--- Dataset records Enclosed Below ---
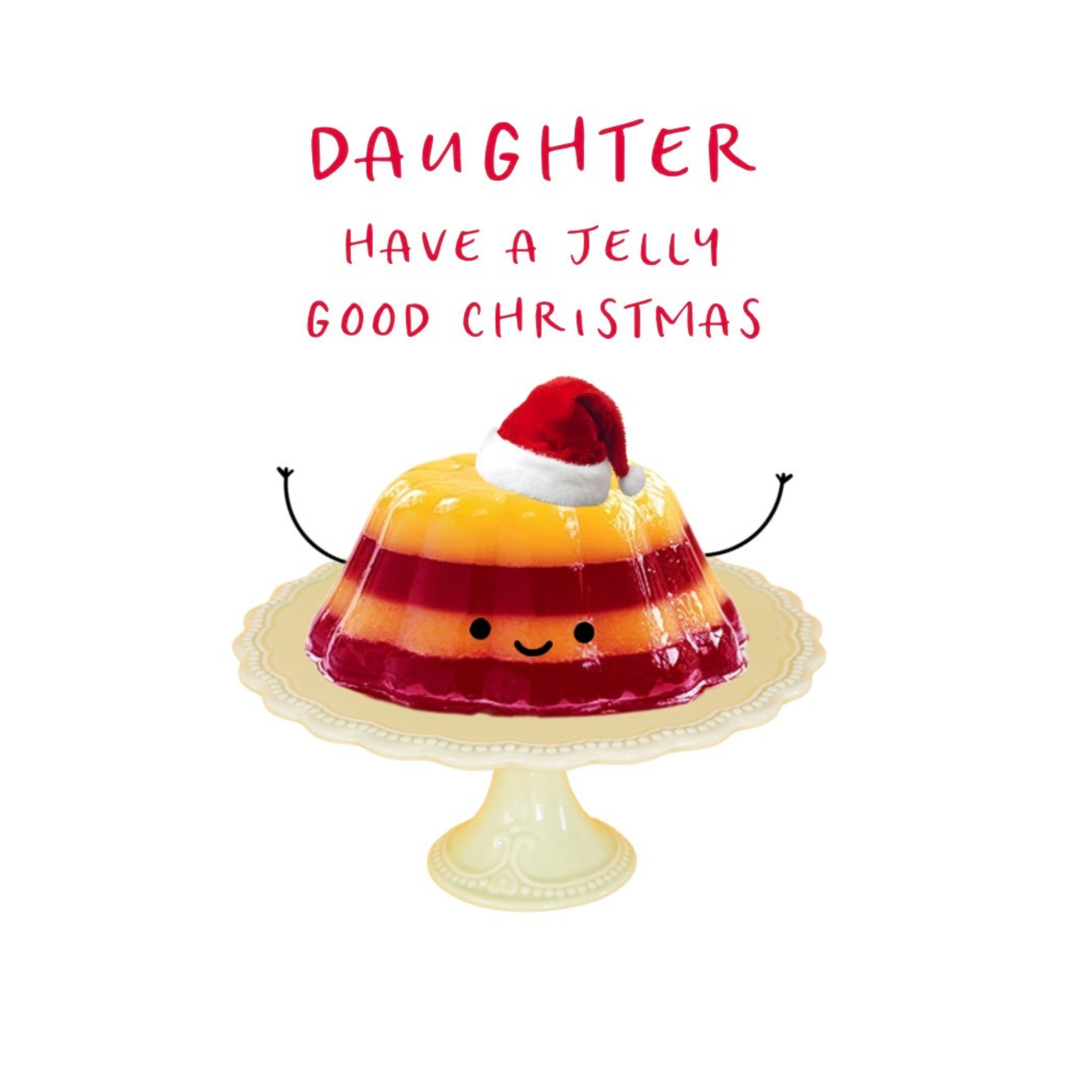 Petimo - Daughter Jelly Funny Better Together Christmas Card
--- End of Enclosed Dataset records ---
--- Dataset records Enclosed Below ---
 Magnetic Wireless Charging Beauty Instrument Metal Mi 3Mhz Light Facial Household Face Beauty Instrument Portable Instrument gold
--- End of Enclosed Dataset records ---
--- Dataset records Enclosed Below ---
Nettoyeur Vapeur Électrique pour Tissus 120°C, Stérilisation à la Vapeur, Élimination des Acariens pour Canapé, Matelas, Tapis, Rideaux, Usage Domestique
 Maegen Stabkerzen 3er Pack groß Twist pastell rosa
--- End of Enclosed Dataset records ---
What you give back must be the stretch above, starting at the line with "Nettoyeur Vapeur Électrique" and ending at the line with "Maegen Stabkerzen 3er", copied exactly.

- [Task response]:
Nettoyeur Vapeur Électrique pour Tissus 120°C, Stérilisation à la Vapeur, Élimination des Acariens pour Canapé, Matelas, Tapis, Rideaux, Usage Domestique
 Maegen Stabkerzen 3er Pack groß Twist pastell rosa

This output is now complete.